Preston v. United States, 376 U.S. 364, 367 (1964). Dyke v. Taylor Implement Mfg. Co., 391 U.S. 216 (1968), is to the same effect; the reasons that have been thought sufficient to justify warrantless searches carried out in connection with an. arrest no longer obtain when the accused is safely in custody at the station house.
There are, however, alternative grounds arguably justifying the search of the car in this case. In Preston, supra, the arrest was for vagrancy; it was apparent that the officers had no cause to believe that evidence of crime was concealed in the auto. In Dyke, supra, the Court expressly rejected the suggestion that there was probable cause to search the car, 391 U.S. at 221-222. Here, the situation is different, for the police had probable cause to believe that the robbers, carrying guns and the fruits of the crime, had fled the scene in a light blue compact station wagon which would be carrying four men, one wearing a green sweater and another wearing a trench coat. As the state courts correctly held, there was probable cause to arrest the occupants of the station wagon that the officers stopped; just as obviously was
there probable cause to search the car for guns and stolen money.

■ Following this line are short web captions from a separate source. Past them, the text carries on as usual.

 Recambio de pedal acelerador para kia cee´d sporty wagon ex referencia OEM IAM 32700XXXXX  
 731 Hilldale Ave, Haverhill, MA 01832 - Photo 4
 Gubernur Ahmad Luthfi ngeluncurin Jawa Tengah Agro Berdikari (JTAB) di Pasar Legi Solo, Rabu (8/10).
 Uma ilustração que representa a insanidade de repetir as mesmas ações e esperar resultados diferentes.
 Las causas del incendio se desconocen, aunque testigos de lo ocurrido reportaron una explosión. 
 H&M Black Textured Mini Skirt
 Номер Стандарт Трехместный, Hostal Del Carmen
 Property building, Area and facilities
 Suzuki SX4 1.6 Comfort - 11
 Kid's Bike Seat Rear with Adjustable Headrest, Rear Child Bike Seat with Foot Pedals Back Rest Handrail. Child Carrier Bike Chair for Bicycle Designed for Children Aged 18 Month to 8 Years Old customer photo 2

In terms of the circumstances justifying a warrantless search, the Court has long distinguished between an automobile and a home or office. In Carroll v. United States, 267 U.S. 132 (1925), the issue was the admissibility in evidence of contraband liquor seized in a warrantless search of a car on the highway. After surveying the law from the time of the adoption of the Fourth Amendment onward, the Court held that automobiles and other conveyances may be searched without a warrant in circumstances that would not justify the search without a warrant of a...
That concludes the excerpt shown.